HDDs with higher density are increasingly desired in the art. Accordingly, encoding methods, such as MTR coding, are sometimes used to achieve better SNR performance. Many LUTs are often required by modern encoding methods, and they are an obstacle for area and timing closure in hardware implementations. The foregoing systems and techniques are directed to reducing area and/or timing pressures for various encoding circuits and any other circuits relying on LUTs.
It should be recognized that in some embodiments the various functions or steps described throughout the present disclosure may be carried out by any combination of hardware, software, or firmware. In some embodiments, various steps or functions are carried out by one or more of the following: electronic circuits, logic gates, field programmable gate arrays, multiplexers, or computing systems. A computing system may include, but is not limited to, a personal computing system, mainframe computing system, workstation, image computer, parallel processor, or any other device known in the art. In general, the term “computing system” is broadly defined to encompass any device having one or more processors, which execute instructions from a memory medium.

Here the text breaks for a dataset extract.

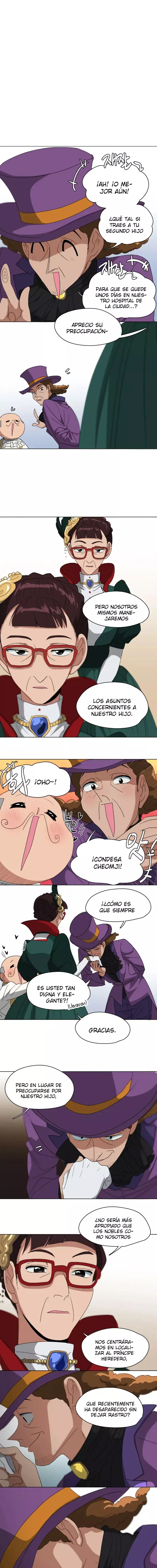 Amor En Casa capítulo 10, página 3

Program instructions implementing methods, such as those manifested by embodiments described herein, may be transmitted over or stored on carrier medium. The carrier medium may be a transmission medium, such as, but not limited to, a wire, cable, or wireless transmission link. The carrier medium may also include a storage medium such as, but not limited to, a read-only memory, a random access memory, a magnetic or optical disk, or a magnetic tape.

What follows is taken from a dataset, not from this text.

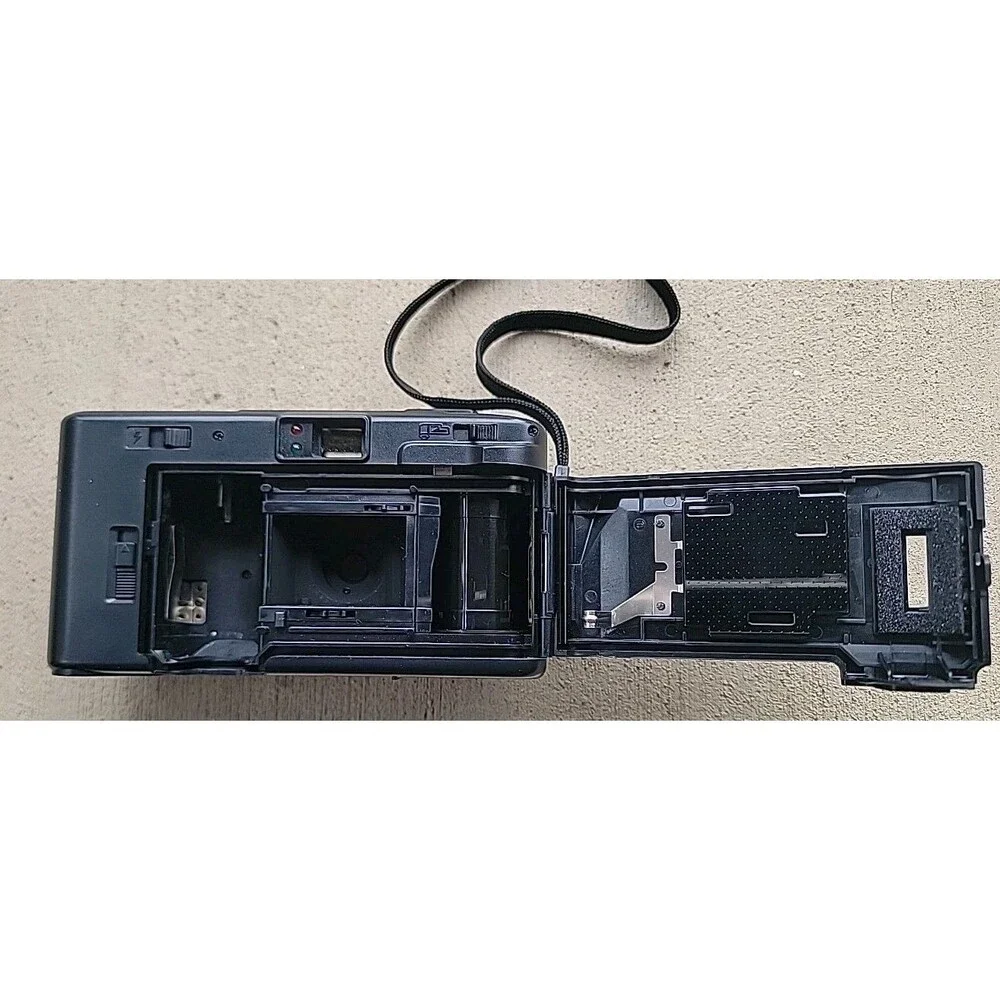 Vivitar PS:20 Point 'n Shoot Camera UNTESTED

It is further contemplated that any embodiment of the disclosure manifested above as a system or method may include at least a portion of any other embodiment described herein. Those having skill in the art will appreciate that there are various embodiments by which systems and methods described herein can be effected, and that the implementation will vary with the context in which an embodiment of the disclosure deployed.
Furthermore, it is to be understood that the invention is defined by the appended claims. Although embodiments of this invention have been illustrated, it is apparent that various modifications may be made by those skilled in the art without departing from the scope and spirit of the disclosure.